Respiro a fondo ed allargo le braccia, lui si gira ed intercetta quel movimento fissandomi interrogativo.
-Beh,- esordisco in una resa evidente.- ci rinuncio. Cosa vuoi da me?
Sorride.
I denti balenano quando la penombra ci batte sopra per scivolare via. Un lampo bianco ed improvviso che torna ad essere assorbito dai tratti familiari e nascosti dal buio.
-Questa è una delle domande giuste.- annuncia
***
Ci sono due ragazzi.
Più correttamente uno dei due è un ragazzo e l’altro un bambino. O quasi un bambino. Il più piccolo ha gli occhiali tondi, l’aria sciupata su un muso allungato, da topo, che il broncio infantile fa sembrare ancora più lungo. È magro e alto per la sua età, troppo magro, tanto da sembrare che stia in piedi per errore, visto che inciampa nei suoi stessi passi e si muove come a casaccio.
Il ragazzo non gli somiglia affatto. E’ grassottello, ha i capelli scuri, gli occhi verdi ed un’aria incattivita. Veste di nero ed è goffo, non nel modo di muoversi ma nel modo di essere. È come se fosse fuori posto. Come se fosse fuori posto nel mondo stesso.
Non è una bella sensazione.
E non è bello stare qui in piedi a rivedersi appena adolescenti - arrabbiati con il proprio fratello e con la vita allo stesso modo - dispensare quella rabbia in giro come se fosse indispensabile non tenersela dentro.
Allora non lo sapevo, ne potevo buttare fuori quanta volessi ma tanto sarei rimasto pieno esattamente come mi sentivo.

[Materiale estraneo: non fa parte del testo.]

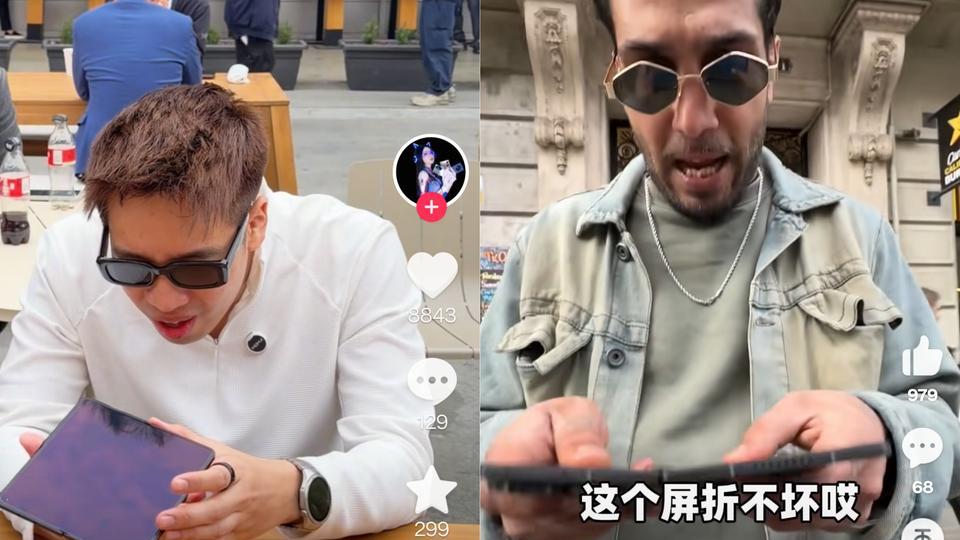 发布倒计时！提前带你看懂Find N6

Non chiedetemi come ci siamo arrivati qui. Io non l’ho fatto, non gliel’ho chiesto.
Perché sì, lui è ancora qui. Accanto a me. Lo percepisco senza aver bisogno di staccare gli occhi dalle due figure al centro della scena.
Pochi istanti fa sedevo ancora sulla mia poltrona ed eravamo nel salotto di casa mia. Adesso sono qui, al centro di questa stanza, e davanti a me ci sono io e…Mikey e siamo tutti e due piccoli, stupidi ed arrabbiati.
Come tutti gli adolescenti.
Infilo le mani in tasca. Questa cosa è successa davvero, io lo so anche se non lo ricordo. O meglio, non lo ricordavo più.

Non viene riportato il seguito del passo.